#### TASK ITEM
Repeat each line of the data below exactly, but skip the pictures.

#### DATA
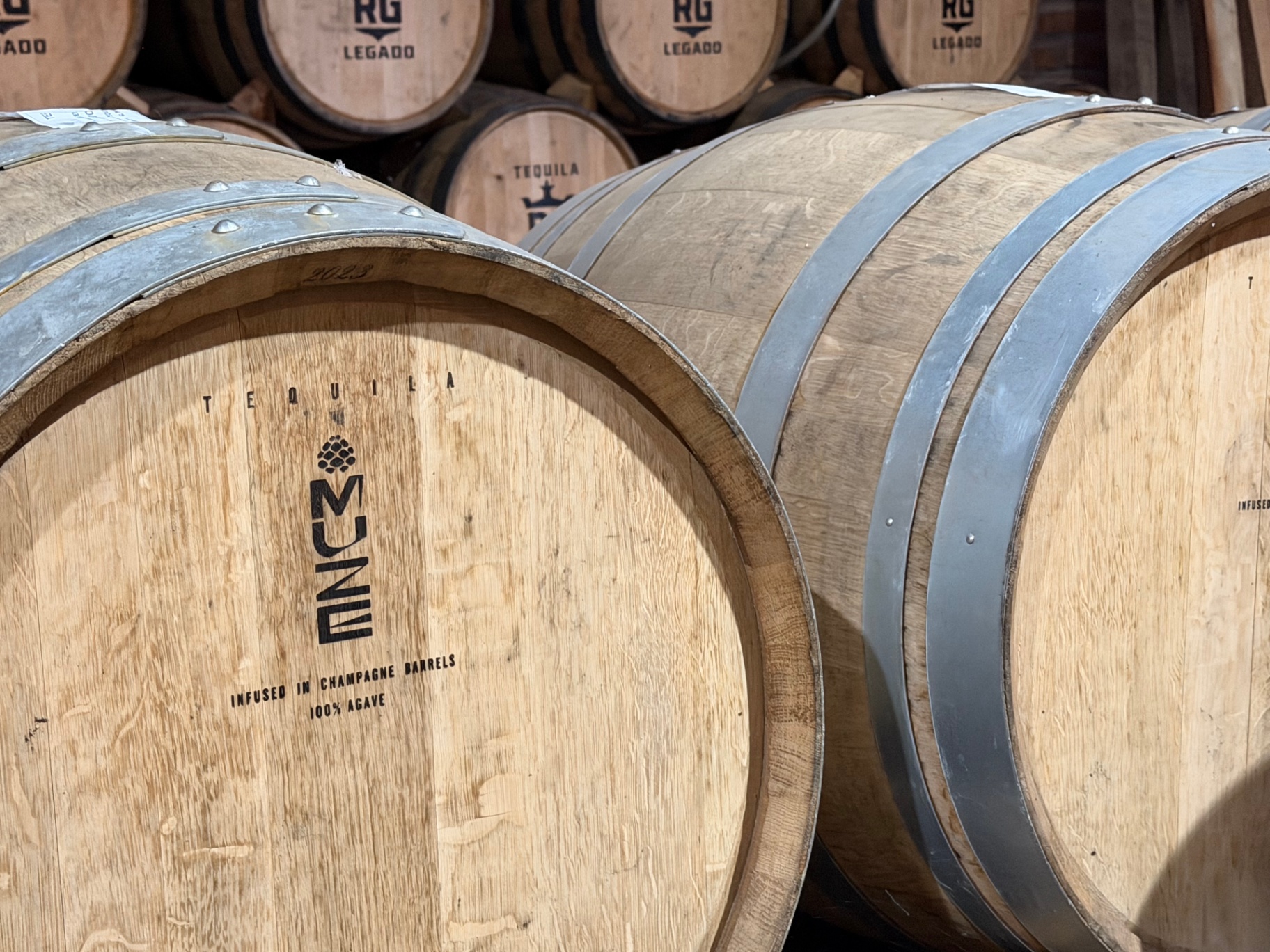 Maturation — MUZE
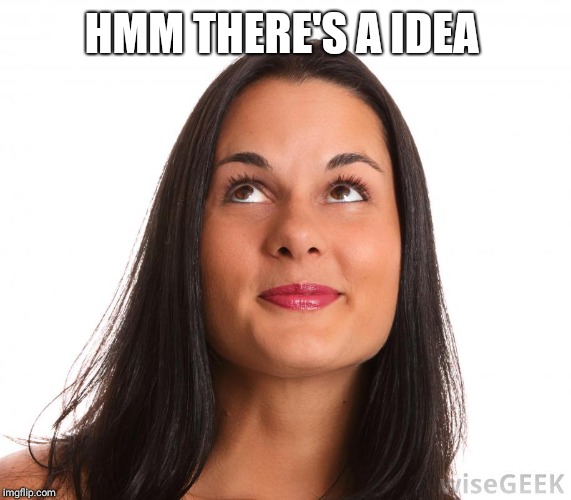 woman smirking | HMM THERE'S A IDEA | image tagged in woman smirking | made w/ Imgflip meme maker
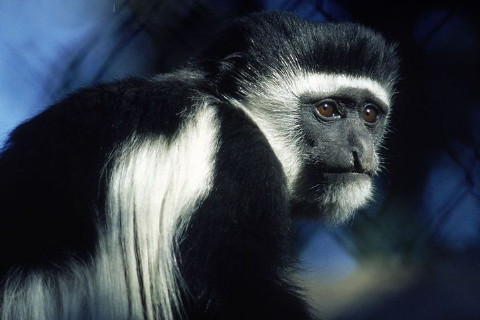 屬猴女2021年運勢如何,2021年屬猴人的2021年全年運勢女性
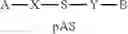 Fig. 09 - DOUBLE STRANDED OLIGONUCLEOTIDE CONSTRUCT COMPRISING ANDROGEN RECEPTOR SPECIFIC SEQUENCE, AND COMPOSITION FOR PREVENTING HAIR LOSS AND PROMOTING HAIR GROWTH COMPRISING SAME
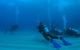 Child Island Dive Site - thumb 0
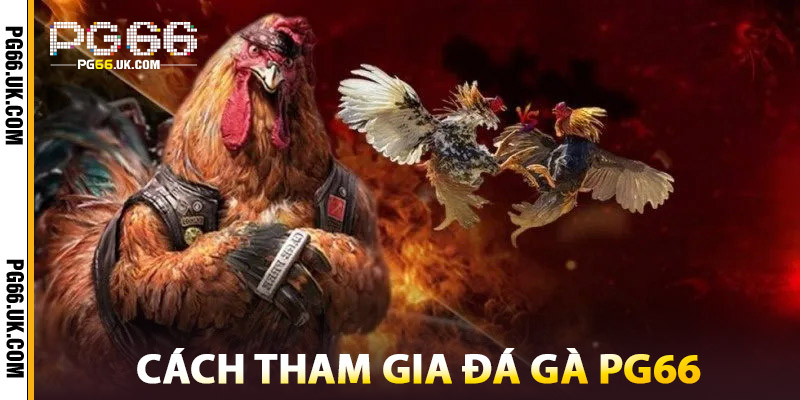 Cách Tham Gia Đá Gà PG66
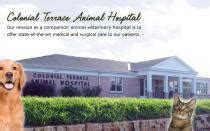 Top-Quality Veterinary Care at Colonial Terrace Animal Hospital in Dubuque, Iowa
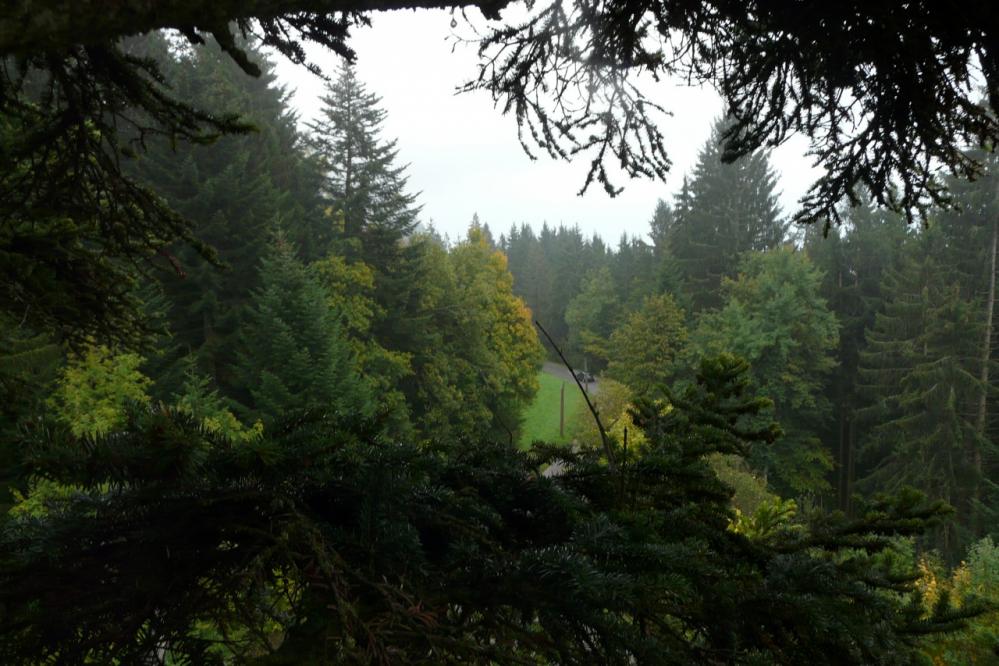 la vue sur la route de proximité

#### TASK SOLUTION
 Maturation — MUZE
 woman smirking | HMM THERE'S A IDEA | image tagged in woman smirking | made w/ Imgflip meme maker
 屬猴女2021年運勢如何,2021年屬猴人的2021年全年運勢女性
 Fig. 09 - DOUBLE STRANDED OLIGONUCLEOTIDE CONSTRUCT COMPRISING ANDROGEN RECEPTOR SPECIFIC SEQUENCE, AND COMPOSITION FOR PREVENTING HAIR LOSS AND PROMOTING HAIR GROWTH COMPRISING SAME
 Child Island Dive Site - thumb 0
 Cách Tham Gia Đá Gà PG66
 Top-Quality Veterinary Care at Colonial Terrace Animal Hospital in Dubuque, Iowa
 la vue sur la route de proximité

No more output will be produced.